S. L. La justice transitionnelle a largement recours aux politiques mémorielles, mais dans un ensemble de propositions et de mécanismes beaucoup plus large. La justice pénale classique sanctionne un vaincu, comme l’Allemagne nazie au sortir de la Seconde Guerre mondiale. La justice transitionnelle, elle, s’est développée après la guerre froide, lorsque les dictatures soutenues par l’URSS, en Europe centrale, et par les États-Unis, notamment en Amérique latine, ont laissé la place à des démocraties, sans qu’il y ait eu pour autant de victoire claire ni de réelle mobilisation populaire en faveur du principe démocratique. Les démocraties se sont mises en place parce qu’elles ont été négociées entre deux élites. Dans ce cadre-là, la justice ne peut pas prendre la forme d’une justice politique ou d’une justice pénale : plutôt que de chercher à sanctionner, elle est là pour favoriser le compromis et la réconciliation.
Et cela malgré les violences de masse dont se sont montrés responsables ces États ?
S. L. L’exemple de l’Afrique du Sud éclaire bien ce qui est en jeu. Le régime d’apartheid s’était rendu responsable de violences et d’injustices massives, qui avaient touché une grande majorité de la population. Lorsque le président de Klerk y met fin en 1991 et négocie avec le Congrès national africain (ANC) de Nelson Mandela, les deux parties s’entendent sur le principe d’une politique de réconciliation. La Commission de vérité et réconciliation (CVR), mise en place entre 1995 et 1998, s’appuie ainsi sur l’idée qu’il faut reconnaître les traumatismes des victimes, laisser celles-ci raconter ce qui leur est arrivé à eux ou à leurs proches, la façon dont ils en subissent encore les conséquences psychologiques, et mettre à leur écoute des gens chaleureux, bienveillants et conscients de leurs souffrances.

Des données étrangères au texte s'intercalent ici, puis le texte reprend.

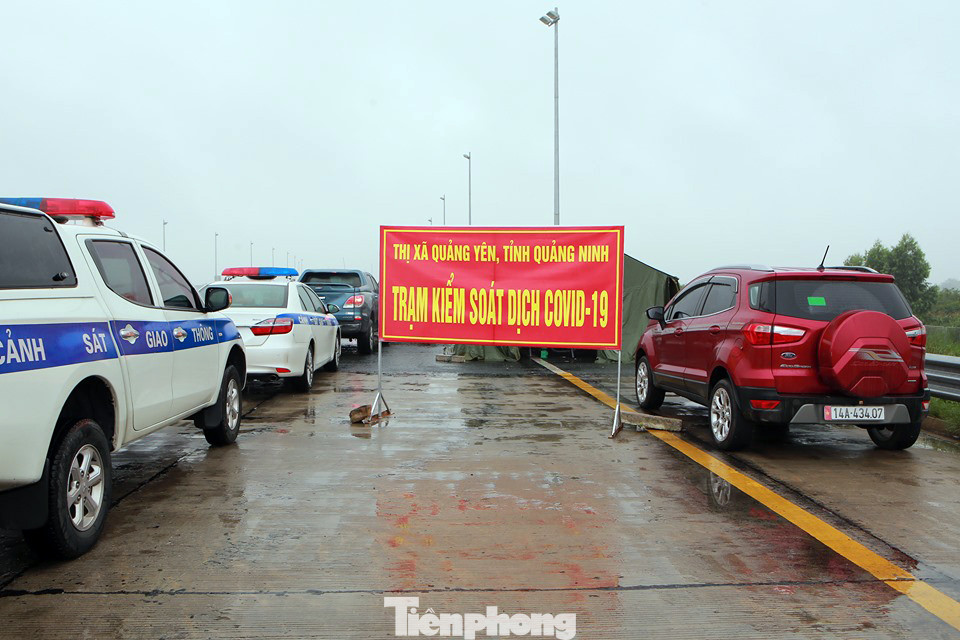 CSGT phối hợp liên ngành kiểm tra thân nhiệt tài xế trên cao tốc ảnh 7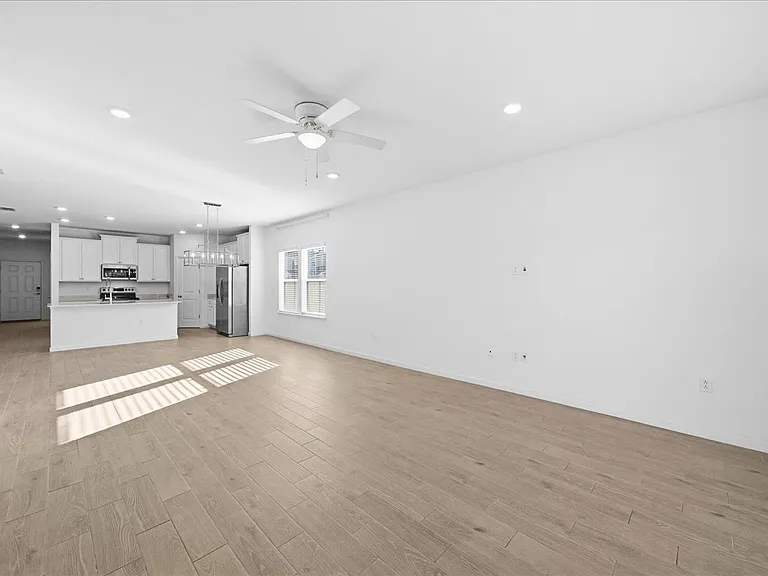 100 Lake Sinclair St — Photo 19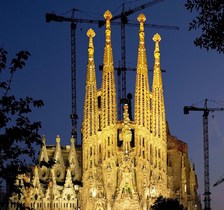 ガウディ建築「カサ・ミラ」の満喫ディナーとサグラダ・ファミリアの夜景観賞 **カサ・ミラ入場券付プランあり**【みゅう】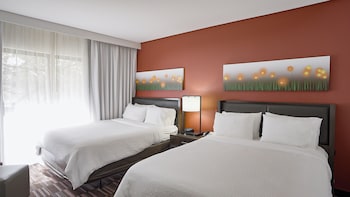 Suite, 2 Queen Beds, Accessible Bathtub (Communications)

Tout cela est bel et bon. Mais si l’on fait un pas de côté, on constate que parler de traumatisme, et ne parler que de traumatisme, c’est aussi occulter tout le reste. Questionner une victime sur les conséquences de la violence physique, être sensible à son trauma, susciter l’émotion ou les larmes, c’est aussi refuser sa colère ou empêcher l’usage d’un langage politique pour qualifier ce qui s’est passé. En concentrant la compréhension de l’histoire sur ce que les personnes ressentent individuellement, on défait les liens politiques : on ne veut pas entendre la colère, les insultes, la désignation des bourreaux. De même, on veut parler d’actes de violence physique sur des personnes davantage que des injustices structurelles de l’apartheid, parce que, dans l’esprit des dirigeants, parler de ces dernières c’est entretenir le conflit.
Quel rôle joue ici la mémoire collective ?
S. L. Les commissions de vérité et de réconciliation, qui se sont multipliées depuis, reposent toujours sur ce principe : individualiser l’histoire, écouter les souffrances des victimes et imposer une symétrie entre les souffrances. Le recours à la mémoire collective, ou ce qu’on prétend être tel, renforce cette politique. Par exemple lorsqu’un chef d’État déclare : « Nous reconnaissons que ces personnes sont des victimes et qu’elles ont beaucoup souffert ». Les hommages, les musées, les commémorations, participent de la même volonté, avec souvent la marque du compromis : on inscrit les noms des victimes sur des mémoriaux, en les amenant ainsi à former une « communauté de victimes ».
La justice transitionnelle tend à affirmer une symétrie des victimes. En Argentine, par exemple, le premier gouvernement démocratique après la dictature militaire, en 1983, a demandé des poursuites pénales contre les deux acteurs de la violence politique, les militaires et des guérillas péronistes de gauche, en vertu de la théorie dite des deux démons.
Or, les deux démons en question n’avaient clairement pas les mêmes niveaux de responsabilité dans les violences, d’autant plus que la guérilla avait été très rapidement annihilée par le régime militaire. Mais ce récit collectif des deux démons permet d’identifier des victimes dans les deux camps. Le trauma, toutes les victimes l’ont en commun. La commission sud-africaine a ainsi écouté indistinctement les mères des militants de l’ANC et celles des soldats du régime d’apartheid.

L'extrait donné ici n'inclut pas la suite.